Hmm... there are a lot of assumptions here. But again, starting out without being fully aware of the decline curve that these cells have and without having thought to look at the Rayovac web site before we started to see if they had any specs, we obtained about the level of accuracy possible.

The correct way to do this experiment would be to have a continuous monitoring of the voltage and current of the circuit, rather than simply a beginning and ending reading. That way, the pro-forma Rayovac numbers could be more directly tested. A large percentage of the accuracy of the number calculated for the total mAh is derived from the shape of the decline curve. And the best we could do here was to estimate it.
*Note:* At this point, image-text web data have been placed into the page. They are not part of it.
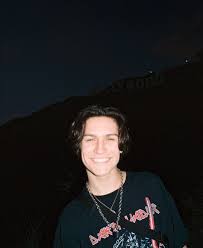 Chase Hudson In 2020 Hudson Cute Teenage Boys Perfect Boy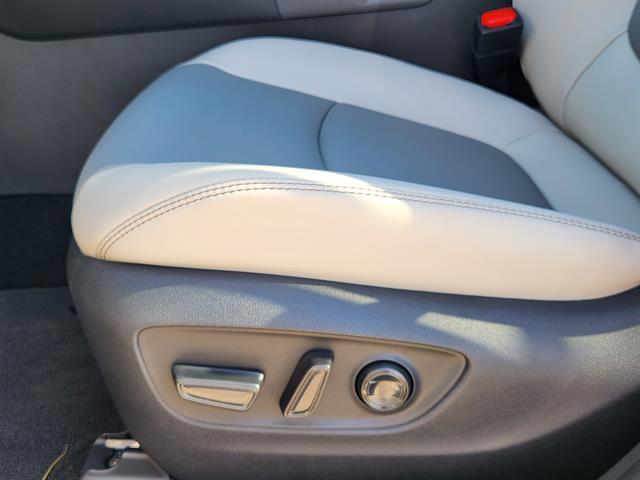 new 2025 Toyota RAV4 car, priced at $42,073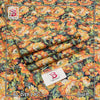 Luxury lawn 2 pc collection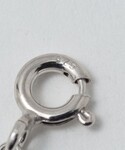 ネックレス 「別注」「MARIHA」AAT コ...の詳細画像5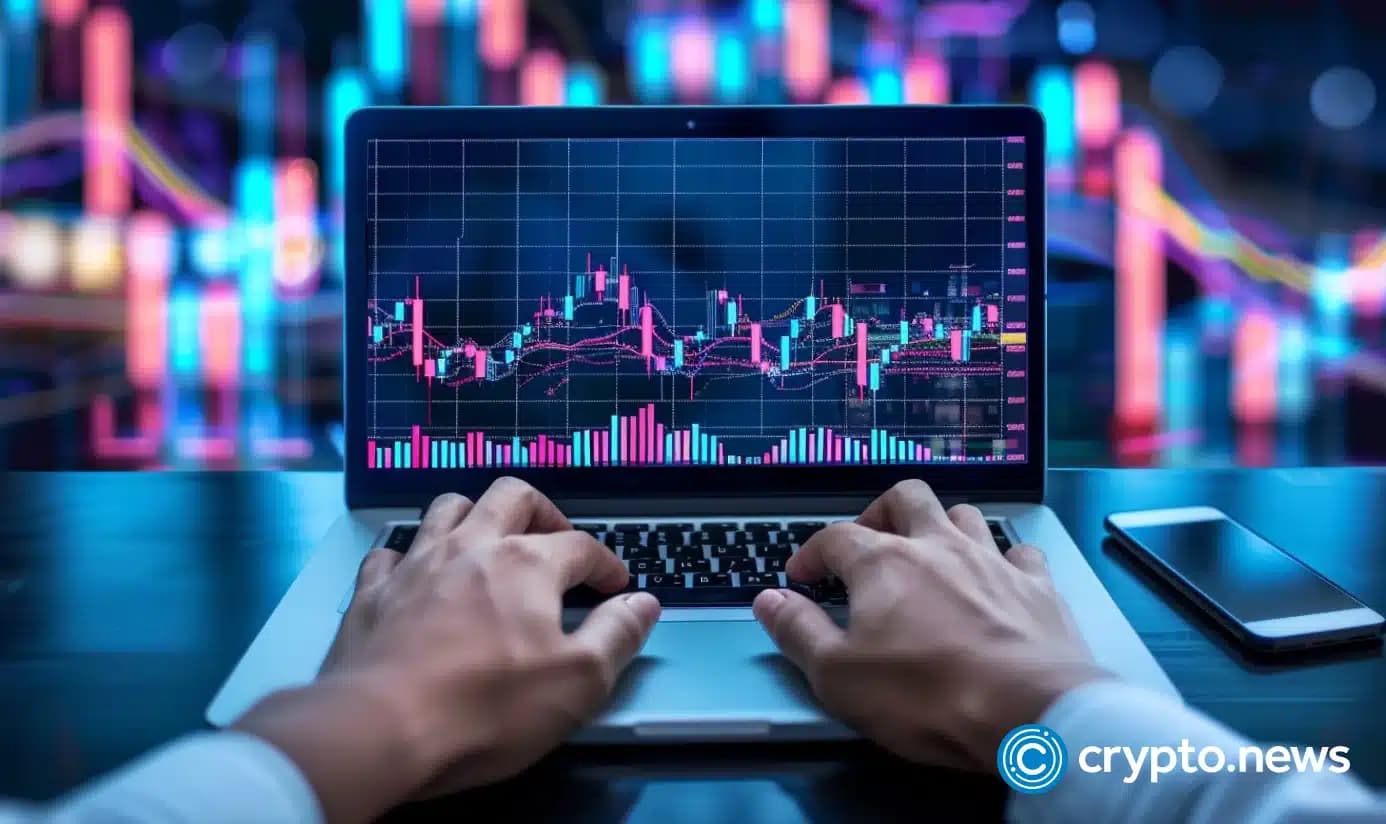 What are perpetual futures? Perps, funding rates, and liquidations explained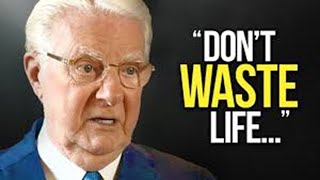 How To FIND PURPOSE In LIFE | BOB Proctor Best Motivation EVER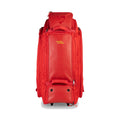 SG Player Edition Red Kit Bag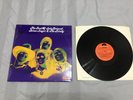 Julie Driscoll Brian Auger-The Best Of 1969 1st Press Polydor Lp Ex
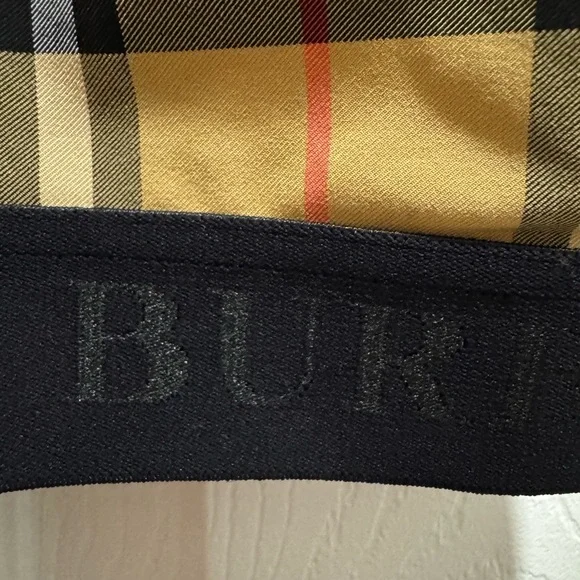 Top - Picture 11 of 13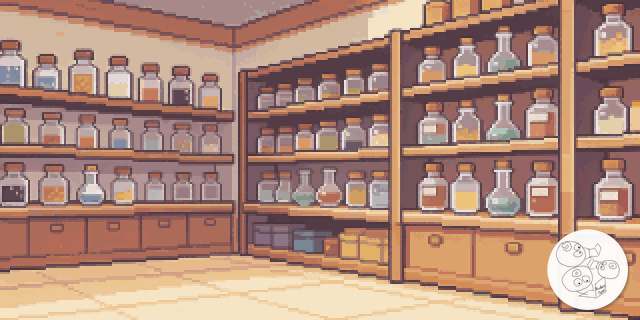 f05_reagent_store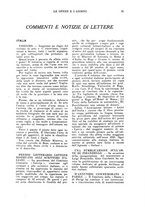 giornale/CFI0360305/1938/unico/00000325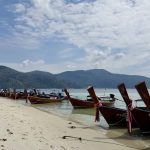 Don’t Visit Ko Lipe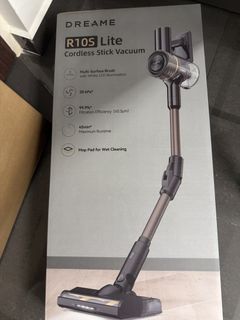 (Category: ) located in . Submitted by mlgolf10 (Listing ID 1460962377, Image 1). Description: .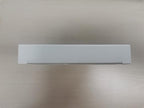 Coiled Multi Charging Cable - Image 10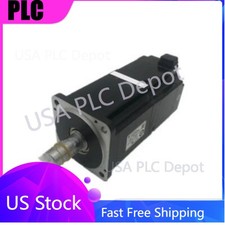 NEW YASKAWA SGMJV-08ADA2C Servo Motor IN BOX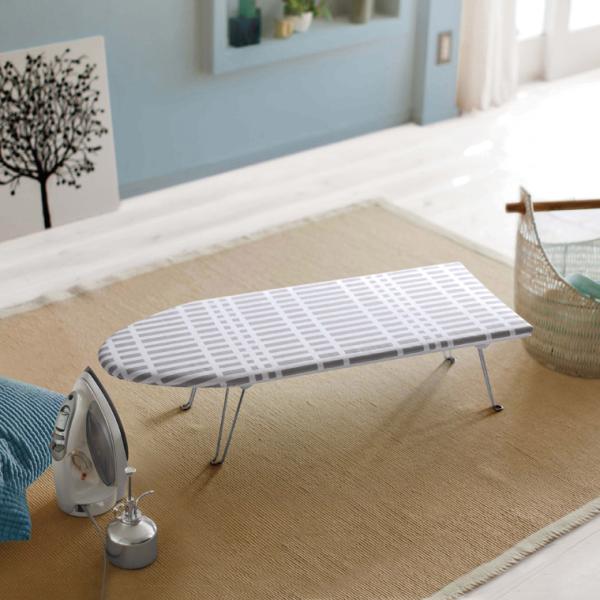 R Yamazaki k 炵̒ M^AC `FbN O[_012232 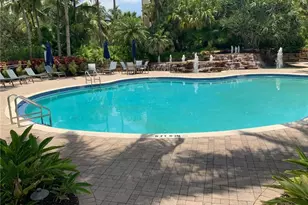 2817 Tiburon Blvd E, Naples, FL 34109 - Photo 24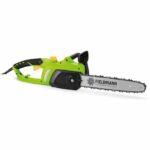 Electric chainsaw - Fieldmann - FZP 2105-E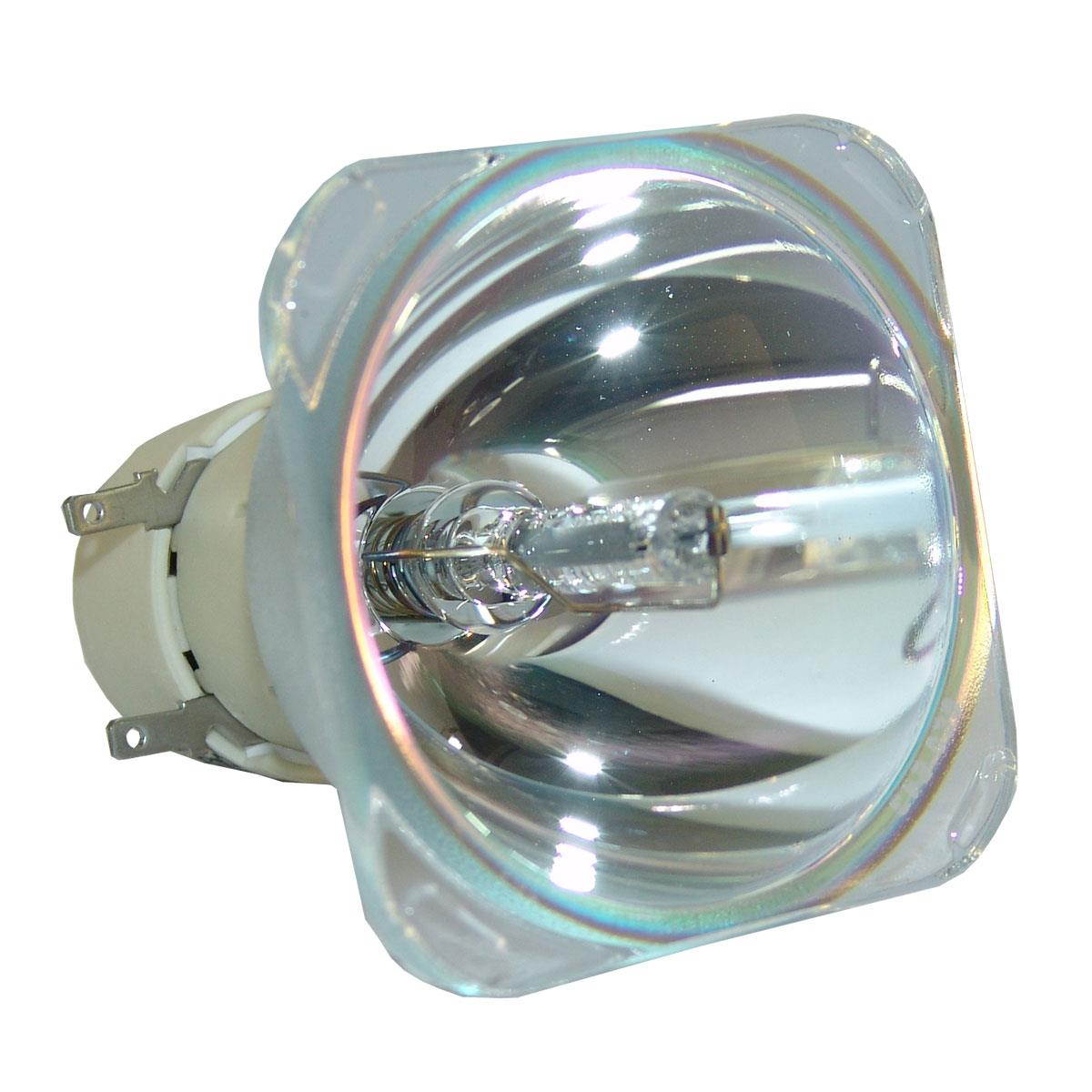 Original Lamp for Smartboard V25 Projector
And as I questioned earlier, were the voltage cutoff points Rayovac has listed in their table considered to be with or without the load? I would assume (there's that word again) that the voltages would be unloaded circuit voltages. After all, that is the way the voltage readings are taken for lead-acid batteries.

So, to wrap it up, I was able to determine conclusively that you can run the Mini-Maglite flashlight for about 12 1/2 hours continuously on a set of two AA Alkaline cells. I was able to estimate, less accurately that I would have liked, that there is somewhere in the neighborhood of 1900-2000 mAh and about 2.4 watt Hours of energy per cell available.